I followed the footsteps of the deer across the meadow to a large gap in the fence that kept the meadow from the woods. Excitement filled me as I looked out into the barren trees that seemed to stretch for miles. I recognized nothing of what once had been my favorite abode; it was all different from this angle with the bright snow laying heavy on the ground. My heart seemed to beat faster. I felt a foolish grin come to my face. Life had a kind of new appeal and excitement on the threshold of what is familiarly unknown.

I took the plunge and ventured deep into the woods. Did I perhaps recognize that felled log from the pre-snow days? That outcropping of rock? That tree? The whole world seemed bright and new and fresh - following the deer tracks once more, I walked through the woods, feeling foolishly like a Took who has discovered they love adventuring.

I found my bearings based off a huge, gnarled tree, and slipped through the fence back into a sheltered part of the meadow, rather then risk losing myself in the denser parts of the forest.

There were no deer tracks to follow any longer the way I wished to go, so I set out on my own through the meadow, feeling as if I was in my own private world. A car roared down the hill beyond the shelter of the trees that hid this part of the meadow from the road, but it seemed to me like something far away and possibly unreal. The snow, the shade, and the sense of rising adventure in me were all that came across to me as real feeling.

I ventured back into the forest to save myself the walk back through the snow to get to the roadside. Slipping back into the scene of so many stories of mine I would never write about, I came out into the clearing by the road. Turning to look behind me, I leaned heavily on my staff and admired the beautiful view. I knew some part of me belonged here, some part of me loved the place ... the wildness, the untamed quality ... the otherness. Satisfied with that conclusion, I kept my walk.

It occurred to me I must be a strange sight to any who would chance upon me walking along the roadside; a girl clad in brown and khaki, wearing a long duster of khaki and carrying a gnarled tree root. But the thought was oddly pleasing; maybe someone would see me and know I dreamed of elves and wizards. I enjoyed the scenic route, studying the contrast between sunlight and shadow, the snow on the yards ...

I came across another meadow. During the times without snow, the area reminded me rather of a dry marsh - tall grasses and springy plants I had previously only seen in the marsh that I had once lived by. Now it looked even wilder then the glade-like clearing I had trespassed through earlier; tall grasses stuck from the ground, and the footsteps of deer were even more numerous then they had been other places. I knew with instinctive joy it was a meeting place for the wild ones. I had often met an orange cat I called Radagast in that location, and I had a feeling other wild folk congregated there too.

As I stared at the scene a dog barked. I laughed, though the reason was not entirely known to me. The sound carried well through the bright air, and I felt an overwhelming wave of happiness. I continued my walk, but stopped a short time later to greet two domestic cats by the name of Melonhead and Stormy perched in their driveway on a dry bit of earth. It seemed appropriate to greet the former in elvish, as his own name was so close to the word for friend.

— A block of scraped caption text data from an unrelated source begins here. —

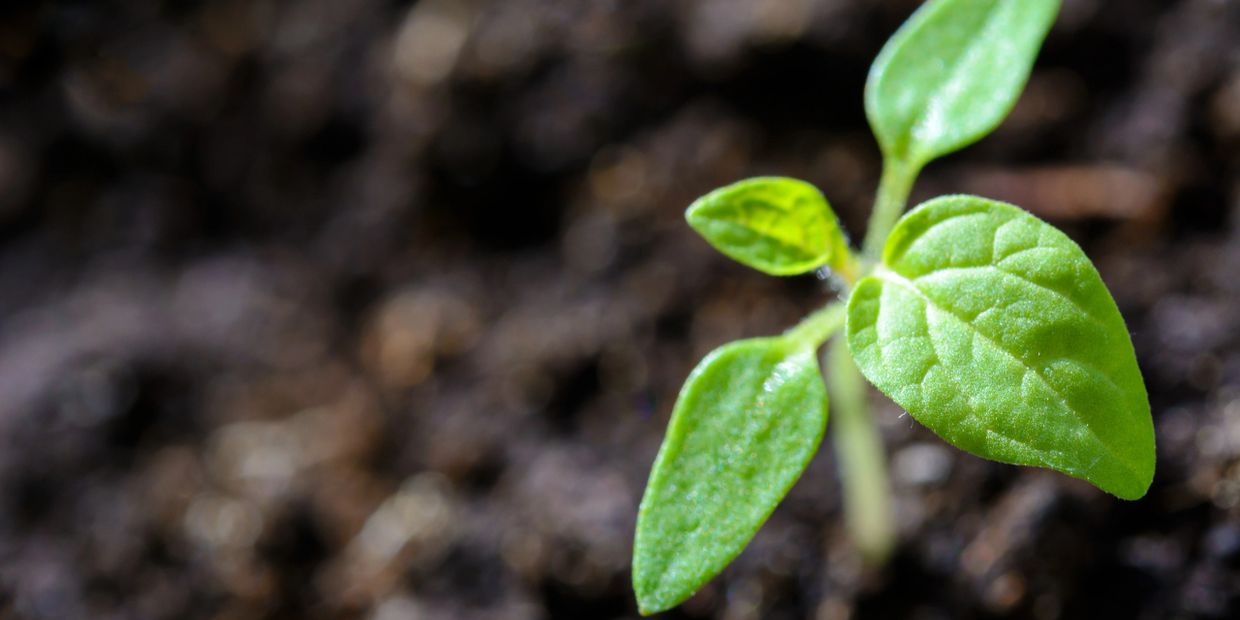 close-up photograph of a small green seedling sprouting from dirt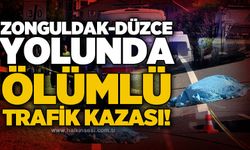 Zonguldak - Düzce yolunda ölümlü trafik kazası!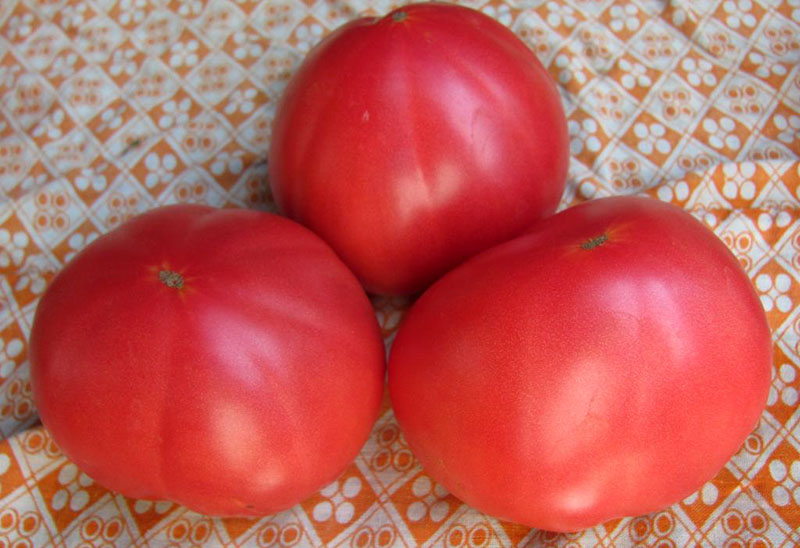 cadeau de grand-mère de tomates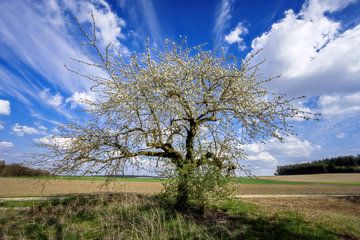Landschap in Beieren met een bloeiende boom in de lente van ManfredFotos
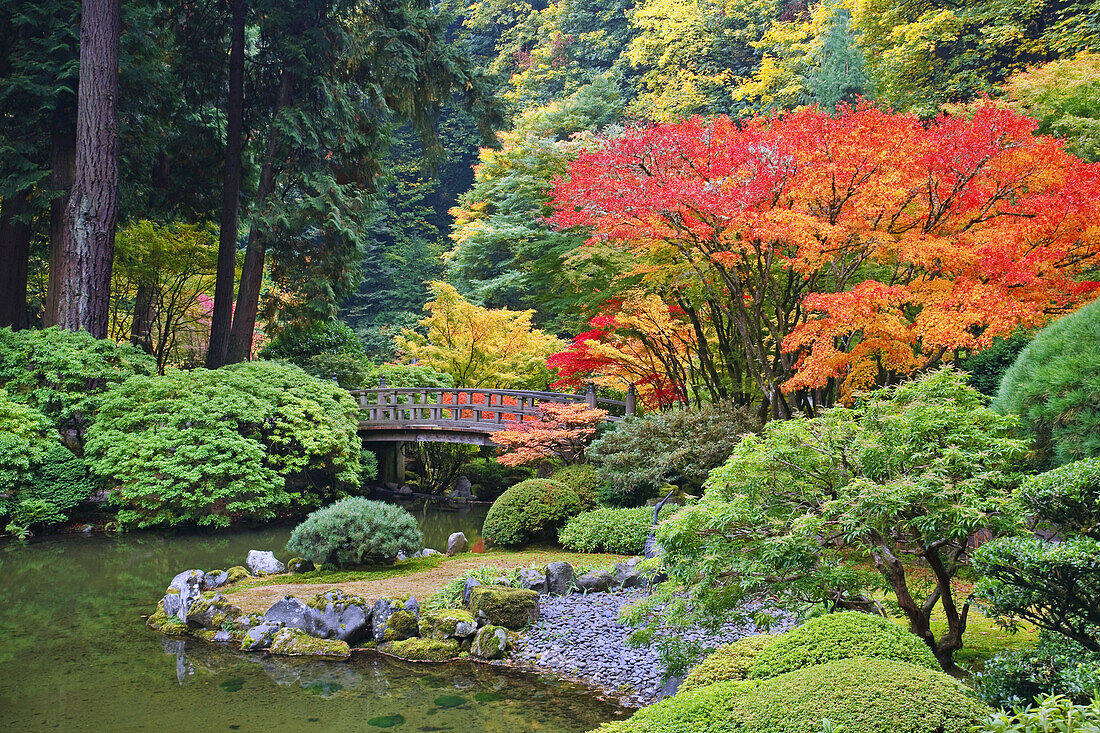 Herbstfarbenes Laub und ein Steg über einen Teich im Portland Japanese Garden,Portland,Oregon,Vereinigte Staaten von Amerika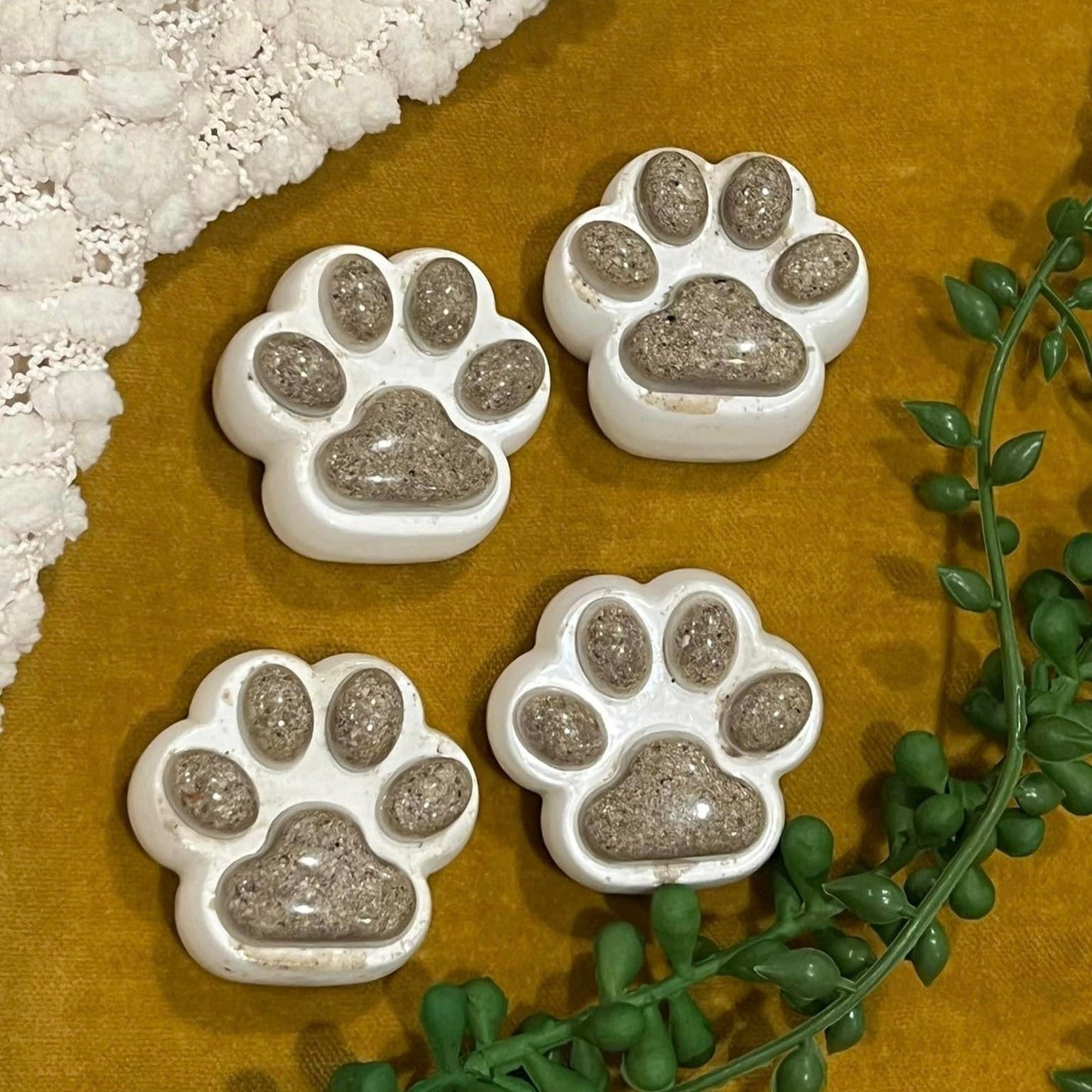 Memorial Paws with Ashes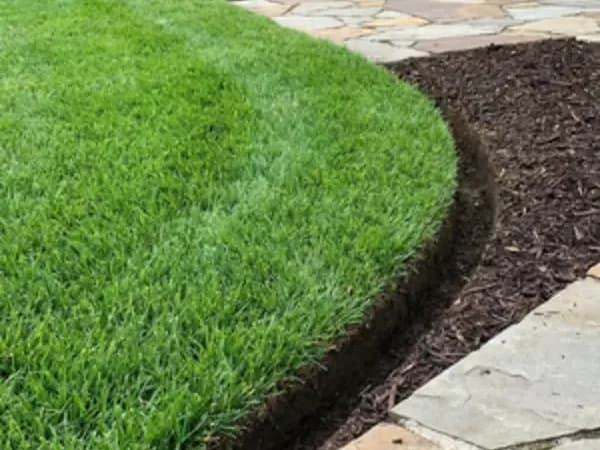 Freshly mowed green lawn with a sharp edge along a flagstone walkway in Walker, Louisiana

I walked on. A very ugly future construction site was made glorious by the snow; for some time I stood staring at it in a kind of mystified wonder. What a bit of white could do! I wondered what would happen if everyone had "a bit of white" in their lives; letting the potential brightness shine forth. I thought about the people in the world who try to let that potential brightness out and found myself wanting a little bit of brightness for myself and wondering how to achieve it.

Time to walk back. I could feel it; my path finding had come to an end. It was time to retrace my previous steps and see what there was for me to see on the other end of the spectrum. I felt a suddenly compelling to sing. In previous days, singing on walks has brought strange results, but I cared not for such things and chose simply to let forth my emotions in a song. It was not Tolkien; the words came from Anne McCaffery and her Pern novels.

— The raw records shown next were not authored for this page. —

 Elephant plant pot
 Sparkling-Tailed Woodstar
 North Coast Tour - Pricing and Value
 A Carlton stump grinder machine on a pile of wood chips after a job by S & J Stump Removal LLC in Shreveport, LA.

Harper, tell me of the road that leads beyond this hill ...

So I sang, but many of the words were lost to me, so I began to make them up myself.

Does it wind its way to the next hold, or further on to sunset gold? Does it go beyond where men now walk? Do the winds blow cold, are there ruins old? Harper, tell me of this road ...

There were many words, but they are lost to me now, gone as many songs go. To where I have always wondered, but that is not for this tale.

As I neared my meeting place with Radagast, the little wild land that had been plunked down in the middle of a friendly, domesticated neighborhood, there was a movement to my right. I paused, and saw to my amazement deer. I felt my breath catching, but struggled to sing onward. The deer- four or five in number, it was hard to tell through the trees - stopped and stared at me. I stared back. We stood there staring at each other for some time before I ventured the words I was thinking.

"Greetings." I said at last. "It's been a long time."

I could feel how nervous I was making the deer. This worried me, so I started to walk again. Just as I was passing the wild place, there was a lone doe with a white band around her neck. The familiarity struck me - it seemed I had seen her at least twice before, for there was a kind of fearlessness in her black eyes. I tried to keep singing, but the words stuck as I stared, and she returned my intense regard.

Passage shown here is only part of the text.